The second thing to say is that ahead of any trade fair one tends, automatically, to reflect on previous editions, what was good? What was not good? Who you hope to see again? Who you are actively avoiding? Whose progress are you most keen to catch up on? etc? etc? etc? And so, yes, we probably did have Lea Lacroix’s Capellagarden Trä from Stockholm Furniture Fair 2019 somewhere in our minds when we stumbled across the EIO lounge chair from Norwegian label Nuen.
Not that they are the same objects, far from it, they are very, very different beasts. If both equally satisfying and engaging beasts.
Designed by …. no…… we’ll get to that…. the story of EIO is the story of two young Norwegians, Kristian and Lene, who in 2018 moved from Oslo to Huglo, a 13.5 km2 island in the Hardangerfjord on Norway’s west coast, home to some 90 inhabitants, a small furniture factory ….. and an island for another day. Here our focus is and must be EIO.
Featuring that low stick back that was once a common feature of such chairs, EIO is not only a pleasingly formed object, a very welcoming and inviting object, one with a familiar unfamiliarity that makes it easily communicative, but also an object which provides for an equally uncomplicated sitting experience, is an object, arguably, best intended for dropping in to from time to time, be that in a living room, conservatory, bedroom, hotel lobby, wherever. Which isn’t to say one couldn’t sit for longer in it, one could, and we would have if given the chance. But that’s not really where we see EIO’s strength……..Although that said, the pleasingly wide seat means that it could, we didn’t try, but it could, should, happily accommodate two: not two adults, but certainly two children, or an adult and a child, an adult and a dog, and adult and a cat, an adult and a wombat, and thus perhaps an object to curl up in and read, chat or just chillax together. A place of community as much as relaxation.

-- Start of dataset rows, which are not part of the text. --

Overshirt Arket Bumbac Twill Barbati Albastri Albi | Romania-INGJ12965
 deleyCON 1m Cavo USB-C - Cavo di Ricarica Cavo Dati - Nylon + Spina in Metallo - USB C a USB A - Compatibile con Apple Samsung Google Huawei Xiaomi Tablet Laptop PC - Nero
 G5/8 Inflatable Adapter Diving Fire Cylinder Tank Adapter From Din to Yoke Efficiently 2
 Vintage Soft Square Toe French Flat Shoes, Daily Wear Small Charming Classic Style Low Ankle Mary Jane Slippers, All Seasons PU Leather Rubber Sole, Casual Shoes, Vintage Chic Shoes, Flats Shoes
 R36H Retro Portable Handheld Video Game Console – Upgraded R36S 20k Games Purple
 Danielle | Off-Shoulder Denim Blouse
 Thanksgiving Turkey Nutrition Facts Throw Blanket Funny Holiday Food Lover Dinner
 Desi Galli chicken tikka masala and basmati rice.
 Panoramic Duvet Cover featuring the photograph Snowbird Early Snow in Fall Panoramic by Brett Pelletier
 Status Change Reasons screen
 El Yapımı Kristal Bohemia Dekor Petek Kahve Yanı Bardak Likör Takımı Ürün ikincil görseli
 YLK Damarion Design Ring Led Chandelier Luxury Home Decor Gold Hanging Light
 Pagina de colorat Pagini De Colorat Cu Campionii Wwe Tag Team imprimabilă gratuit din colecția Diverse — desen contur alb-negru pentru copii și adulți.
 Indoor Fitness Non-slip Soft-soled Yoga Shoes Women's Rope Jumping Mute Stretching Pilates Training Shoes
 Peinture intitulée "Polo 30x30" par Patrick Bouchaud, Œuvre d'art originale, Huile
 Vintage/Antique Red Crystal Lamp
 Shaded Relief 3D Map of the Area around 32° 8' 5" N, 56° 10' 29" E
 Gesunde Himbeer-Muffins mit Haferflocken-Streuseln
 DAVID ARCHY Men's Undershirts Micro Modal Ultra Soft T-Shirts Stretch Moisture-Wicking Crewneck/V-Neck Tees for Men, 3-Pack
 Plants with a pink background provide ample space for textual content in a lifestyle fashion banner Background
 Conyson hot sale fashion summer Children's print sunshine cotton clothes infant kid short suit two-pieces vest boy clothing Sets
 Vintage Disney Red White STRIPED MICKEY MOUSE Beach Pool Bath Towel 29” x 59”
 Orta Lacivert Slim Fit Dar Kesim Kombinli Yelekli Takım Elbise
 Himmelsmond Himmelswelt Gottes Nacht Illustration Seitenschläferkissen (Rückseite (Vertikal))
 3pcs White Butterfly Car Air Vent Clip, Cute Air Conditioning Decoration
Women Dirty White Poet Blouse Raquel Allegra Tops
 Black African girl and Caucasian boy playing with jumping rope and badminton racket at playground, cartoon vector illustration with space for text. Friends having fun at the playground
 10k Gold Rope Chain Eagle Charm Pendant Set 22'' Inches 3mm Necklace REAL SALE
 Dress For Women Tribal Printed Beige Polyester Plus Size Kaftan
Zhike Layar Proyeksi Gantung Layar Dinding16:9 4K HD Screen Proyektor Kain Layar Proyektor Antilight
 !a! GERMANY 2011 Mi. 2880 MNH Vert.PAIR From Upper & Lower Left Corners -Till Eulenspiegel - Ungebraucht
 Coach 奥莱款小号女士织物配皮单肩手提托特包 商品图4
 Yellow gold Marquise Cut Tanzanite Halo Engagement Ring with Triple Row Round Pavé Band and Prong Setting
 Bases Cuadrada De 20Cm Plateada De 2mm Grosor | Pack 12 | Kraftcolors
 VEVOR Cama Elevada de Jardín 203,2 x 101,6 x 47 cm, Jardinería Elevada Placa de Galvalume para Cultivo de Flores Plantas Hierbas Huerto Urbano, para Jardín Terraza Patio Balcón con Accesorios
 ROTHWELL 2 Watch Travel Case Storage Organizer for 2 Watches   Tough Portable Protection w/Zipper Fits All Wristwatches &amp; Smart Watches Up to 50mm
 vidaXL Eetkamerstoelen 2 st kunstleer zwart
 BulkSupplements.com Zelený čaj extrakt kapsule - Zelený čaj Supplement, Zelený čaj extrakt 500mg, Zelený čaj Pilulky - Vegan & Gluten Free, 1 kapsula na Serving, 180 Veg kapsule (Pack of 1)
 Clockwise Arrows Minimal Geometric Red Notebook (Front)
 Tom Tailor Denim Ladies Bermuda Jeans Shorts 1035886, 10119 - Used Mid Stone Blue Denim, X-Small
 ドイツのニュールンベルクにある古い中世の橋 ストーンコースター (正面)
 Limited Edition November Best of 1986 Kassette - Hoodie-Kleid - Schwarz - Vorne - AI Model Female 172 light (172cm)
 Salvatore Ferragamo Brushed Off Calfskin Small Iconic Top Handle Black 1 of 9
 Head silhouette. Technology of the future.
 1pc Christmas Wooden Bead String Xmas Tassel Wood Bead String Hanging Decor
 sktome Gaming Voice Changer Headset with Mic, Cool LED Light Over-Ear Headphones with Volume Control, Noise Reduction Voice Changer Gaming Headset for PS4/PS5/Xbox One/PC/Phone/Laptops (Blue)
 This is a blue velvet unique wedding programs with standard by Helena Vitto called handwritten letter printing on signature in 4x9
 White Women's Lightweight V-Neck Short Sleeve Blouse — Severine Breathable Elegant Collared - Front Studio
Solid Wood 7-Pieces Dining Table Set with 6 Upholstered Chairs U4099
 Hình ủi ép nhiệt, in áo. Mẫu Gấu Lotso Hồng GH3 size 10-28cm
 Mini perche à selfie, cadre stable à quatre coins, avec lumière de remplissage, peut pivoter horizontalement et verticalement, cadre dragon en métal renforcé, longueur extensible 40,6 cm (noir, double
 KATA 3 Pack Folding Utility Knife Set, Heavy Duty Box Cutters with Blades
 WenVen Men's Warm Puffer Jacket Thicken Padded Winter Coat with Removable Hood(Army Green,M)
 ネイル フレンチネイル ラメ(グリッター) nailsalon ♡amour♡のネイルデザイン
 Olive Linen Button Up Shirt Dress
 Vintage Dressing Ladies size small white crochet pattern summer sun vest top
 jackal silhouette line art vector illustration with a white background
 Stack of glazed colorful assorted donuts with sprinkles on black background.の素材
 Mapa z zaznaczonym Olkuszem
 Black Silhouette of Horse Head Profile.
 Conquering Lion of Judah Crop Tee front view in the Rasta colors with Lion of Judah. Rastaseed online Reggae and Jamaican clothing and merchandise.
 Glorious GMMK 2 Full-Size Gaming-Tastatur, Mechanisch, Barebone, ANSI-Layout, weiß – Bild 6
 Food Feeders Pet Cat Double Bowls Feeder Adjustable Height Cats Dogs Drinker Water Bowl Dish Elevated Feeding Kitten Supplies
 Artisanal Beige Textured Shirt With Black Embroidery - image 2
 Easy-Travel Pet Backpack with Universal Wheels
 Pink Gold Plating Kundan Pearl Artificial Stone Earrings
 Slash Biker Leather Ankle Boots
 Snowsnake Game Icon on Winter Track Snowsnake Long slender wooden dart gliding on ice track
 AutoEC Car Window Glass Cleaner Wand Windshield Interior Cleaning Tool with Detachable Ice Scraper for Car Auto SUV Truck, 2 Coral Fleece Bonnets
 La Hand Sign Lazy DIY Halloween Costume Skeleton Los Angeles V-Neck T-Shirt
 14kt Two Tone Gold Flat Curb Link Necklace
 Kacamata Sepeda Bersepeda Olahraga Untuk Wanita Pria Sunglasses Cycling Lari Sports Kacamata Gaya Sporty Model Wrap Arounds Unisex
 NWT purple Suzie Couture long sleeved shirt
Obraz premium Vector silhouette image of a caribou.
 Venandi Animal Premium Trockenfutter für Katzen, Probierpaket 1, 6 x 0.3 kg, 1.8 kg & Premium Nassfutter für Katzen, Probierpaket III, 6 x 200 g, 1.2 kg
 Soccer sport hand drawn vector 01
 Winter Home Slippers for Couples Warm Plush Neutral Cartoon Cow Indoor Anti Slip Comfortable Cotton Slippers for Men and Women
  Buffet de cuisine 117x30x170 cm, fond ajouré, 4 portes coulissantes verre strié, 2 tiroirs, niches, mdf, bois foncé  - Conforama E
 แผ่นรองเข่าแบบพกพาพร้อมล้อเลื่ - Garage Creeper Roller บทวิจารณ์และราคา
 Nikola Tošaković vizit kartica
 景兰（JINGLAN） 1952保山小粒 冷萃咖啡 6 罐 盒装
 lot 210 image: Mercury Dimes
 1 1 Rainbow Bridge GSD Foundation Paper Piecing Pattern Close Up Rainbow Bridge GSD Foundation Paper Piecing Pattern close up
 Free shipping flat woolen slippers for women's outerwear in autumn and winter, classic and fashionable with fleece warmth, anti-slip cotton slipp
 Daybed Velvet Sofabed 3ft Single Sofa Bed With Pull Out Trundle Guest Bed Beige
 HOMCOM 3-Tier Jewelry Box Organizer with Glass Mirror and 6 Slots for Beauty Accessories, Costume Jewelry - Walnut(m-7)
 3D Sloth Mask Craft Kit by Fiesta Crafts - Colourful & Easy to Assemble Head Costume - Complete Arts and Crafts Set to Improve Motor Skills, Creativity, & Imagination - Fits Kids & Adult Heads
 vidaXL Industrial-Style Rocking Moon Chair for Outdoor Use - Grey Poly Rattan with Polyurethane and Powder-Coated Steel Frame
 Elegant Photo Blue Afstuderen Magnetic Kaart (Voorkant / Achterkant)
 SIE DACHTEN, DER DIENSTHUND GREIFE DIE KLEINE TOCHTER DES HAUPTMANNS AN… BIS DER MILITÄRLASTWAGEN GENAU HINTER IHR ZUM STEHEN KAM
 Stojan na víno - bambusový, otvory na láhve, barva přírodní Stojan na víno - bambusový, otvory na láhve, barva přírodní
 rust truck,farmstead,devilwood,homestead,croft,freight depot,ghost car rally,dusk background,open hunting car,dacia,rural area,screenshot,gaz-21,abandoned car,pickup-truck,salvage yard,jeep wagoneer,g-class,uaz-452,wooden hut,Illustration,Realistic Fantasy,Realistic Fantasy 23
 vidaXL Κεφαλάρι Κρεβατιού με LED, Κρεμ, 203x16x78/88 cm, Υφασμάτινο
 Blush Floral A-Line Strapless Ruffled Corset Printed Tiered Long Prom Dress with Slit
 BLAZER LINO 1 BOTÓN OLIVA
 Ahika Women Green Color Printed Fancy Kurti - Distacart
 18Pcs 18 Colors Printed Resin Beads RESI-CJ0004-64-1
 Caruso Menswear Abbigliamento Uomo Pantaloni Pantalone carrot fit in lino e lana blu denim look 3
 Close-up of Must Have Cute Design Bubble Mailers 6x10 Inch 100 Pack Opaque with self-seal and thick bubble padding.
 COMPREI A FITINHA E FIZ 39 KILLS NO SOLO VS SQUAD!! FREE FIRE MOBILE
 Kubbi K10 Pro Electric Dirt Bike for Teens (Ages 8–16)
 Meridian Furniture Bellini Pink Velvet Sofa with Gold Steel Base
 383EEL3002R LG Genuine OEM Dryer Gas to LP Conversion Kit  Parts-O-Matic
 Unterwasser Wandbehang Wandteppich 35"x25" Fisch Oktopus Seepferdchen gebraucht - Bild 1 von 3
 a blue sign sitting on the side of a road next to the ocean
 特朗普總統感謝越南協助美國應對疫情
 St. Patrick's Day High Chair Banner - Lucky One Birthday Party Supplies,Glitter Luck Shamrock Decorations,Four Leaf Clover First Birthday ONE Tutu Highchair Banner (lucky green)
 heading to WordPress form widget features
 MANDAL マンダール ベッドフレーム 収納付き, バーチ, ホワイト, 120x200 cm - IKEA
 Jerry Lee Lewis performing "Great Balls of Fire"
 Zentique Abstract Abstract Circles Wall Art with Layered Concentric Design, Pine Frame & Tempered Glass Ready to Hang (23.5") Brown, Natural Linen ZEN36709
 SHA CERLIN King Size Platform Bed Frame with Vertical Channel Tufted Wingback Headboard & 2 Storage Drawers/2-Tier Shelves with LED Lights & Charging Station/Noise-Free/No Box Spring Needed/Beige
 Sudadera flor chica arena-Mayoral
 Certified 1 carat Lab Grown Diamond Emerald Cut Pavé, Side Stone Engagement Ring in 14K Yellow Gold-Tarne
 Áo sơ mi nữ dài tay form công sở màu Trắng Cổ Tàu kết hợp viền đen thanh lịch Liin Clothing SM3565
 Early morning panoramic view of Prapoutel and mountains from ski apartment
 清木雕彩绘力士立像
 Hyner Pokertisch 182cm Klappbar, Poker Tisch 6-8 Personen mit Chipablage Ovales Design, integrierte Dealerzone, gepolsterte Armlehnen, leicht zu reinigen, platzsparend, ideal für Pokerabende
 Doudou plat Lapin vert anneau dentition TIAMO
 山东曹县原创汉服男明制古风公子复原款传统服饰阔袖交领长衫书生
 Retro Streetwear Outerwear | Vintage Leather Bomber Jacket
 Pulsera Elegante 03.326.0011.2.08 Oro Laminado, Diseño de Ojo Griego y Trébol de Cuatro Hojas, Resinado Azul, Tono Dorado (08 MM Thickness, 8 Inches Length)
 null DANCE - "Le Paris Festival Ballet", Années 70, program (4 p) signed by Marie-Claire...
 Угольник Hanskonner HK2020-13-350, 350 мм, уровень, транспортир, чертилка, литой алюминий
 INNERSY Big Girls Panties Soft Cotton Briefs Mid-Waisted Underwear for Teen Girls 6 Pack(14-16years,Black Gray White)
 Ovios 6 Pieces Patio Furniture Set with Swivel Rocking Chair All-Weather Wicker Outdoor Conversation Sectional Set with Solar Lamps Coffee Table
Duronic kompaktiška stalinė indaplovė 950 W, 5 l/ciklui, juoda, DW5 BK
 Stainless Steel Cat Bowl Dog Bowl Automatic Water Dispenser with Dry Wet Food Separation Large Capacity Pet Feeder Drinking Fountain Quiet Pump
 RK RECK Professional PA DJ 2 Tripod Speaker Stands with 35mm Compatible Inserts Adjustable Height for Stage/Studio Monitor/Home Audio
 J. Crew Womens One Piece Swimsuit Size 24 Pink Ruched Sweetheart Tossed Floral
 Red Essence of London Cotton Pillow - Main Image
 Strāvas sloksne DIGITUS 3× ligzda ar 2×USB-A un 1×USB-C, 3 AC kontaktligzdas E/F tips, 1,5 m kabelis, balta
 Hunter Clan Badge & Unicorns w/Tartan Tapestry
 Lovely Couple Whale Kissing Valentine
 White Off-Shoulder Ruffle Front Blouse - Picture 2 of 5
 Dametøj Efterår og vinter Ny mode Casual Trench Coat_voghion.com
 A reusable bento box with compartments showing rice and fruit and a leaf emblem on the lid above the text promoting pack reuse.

And is also an object that is very much more than the sum of its parts; parts that are sourced and worked (more or less exclusively) locally, and raised to an object that is as much of western Norway as from western Norway, including cushion covers crafted from the wool of semi-wild Old Norwegian Sheep, a fact that in any other object could have swung our interest, with EIO we were already hooked.
And the designer?
That would be Lene. We think. We’re not a 100% sure. In a world where designers are key to the design narrative, a situation we accept our share of the blame for, and are to happy to inhabit, there is something pleasingly vague about Nuen; the products being left to explain themselves through themselves rather than through a designer. OK through themselves and Instagram optimised soft focus shots of them on Huglo, but its 2020, ¯\_(ツ)_/¯ At first we thought Nuen’s vagueness was just a Norwegian thing, but the more we’ve researched Nuen, and you know we have researched Nuen, the more we believe it is part of an attempt to reposition our relationships to furniture objects, part of who Nuen are, part of why Nuen are, part of why you leave Oslo for Huglo and the challenge of creating a sustainable, economically and environmentally, furniture brand with the aid of not only local craft and material expertise, but the input of your intended market. We could be wrong, but it is, along with clarifying the question of the designer, something we plan to get to the bottom off.
As we say, for us our meeting with EIO in Stockholm feels like the start of a journey…..
X-Tend is one of those products we missed at IMM Cologne, or more accurately put, half-missed: we passed the LOCA stand while rushing off somewhere else, had a quick look and then had to dash, but made a mental note to return later. And found our mental note later that evening while on a train pulling into Berlin Spandau…….
Fortunately fate isn’t always against us and arranged a quick wiedersehen in Stockholm.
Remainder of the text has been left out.